Playing violent games can desensitize people to real-life violence, a group of Iowa State University researchers have concluded.
Citing a lack of research directly addressing the topic, psychology instructor and research assistant Nicholas Carnagey, ISU distinguished professor of psychology Craig Anderson, and former ISU professor and Brad Bushman (now with the University of Michigan) tested the physiological reactions of 257 college students to footage of real-life violence following 20-minute sessions of gaming.
The group tested the participants' heart rate and Galvanic Skin Response (a measure of the conductivity of the skin that varies when a person experiences feelings, such as fear or anxiety) before 20-minute gameplay sessions and while they watched a 10-minute video tape of real-life violence afterward.

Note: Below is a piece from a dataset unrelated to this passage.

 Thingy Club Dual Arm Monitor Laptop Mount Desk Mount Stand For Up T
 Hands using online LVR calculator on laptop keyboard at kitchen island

The games in question were Carmageddon, Duke Nukem (presumably one of the first-person shooter installments and not the original platformer), Mortal Kombat, and Future Cop on the violent side, and Glider Pro, 3D Pinball, 3D Munch Man, and Tetra Madness as nonviolent titles. The footage shown to participants consisted of courtroom outbursts, police confrontations, shootings, and prison fights. Their research showed that those who played violent games experienced less dramatic reactions to the violent footage than those who played nonviolent games.
"The present experiment demonstrates that violent video game exposure can cause desensitization to real-life violence," the researchers conclude. They state that the gradual increase of violence into the media children consume as they grow older, from bloodless cartoon violence to more threatening and realistic fare, systematically desensitizes them to violence.
In the future, the trio want researchers to look into whether or not games have a greater desensitizing effect than other forms of media, who is most susceptible to desensitization, and how long the effects actually last. While they call the implications of their research "frightening," they think the desensitizing effect of games could be used positively. For instance, they suggest games could systematically desensitize soldiers and surgeons to the gruesome situations they might find themselves in or help people overcome their fears.
While the Entertainment Software Association's fight against game-restriction laws is playing out in courtrooms across the country, it could very well be determined in the labs of researchers like those from Iowa State. Even free speech protected under the First Amendment can be regulated if the government is found to have a compelling interest in doing so and has chosen the least restrictive means possible to serve that interest. So if advocates of gaming laws can provide convincing proof that exposure to violent games has a harmful effect on children, a judge could rule that the state has a compelling interest in keeping such titles away from minors. And if that happens, many of the game laws currently being contested could be deemed constitutional.
As of press time, the researchers had not responded to GameSpot's requests for comment.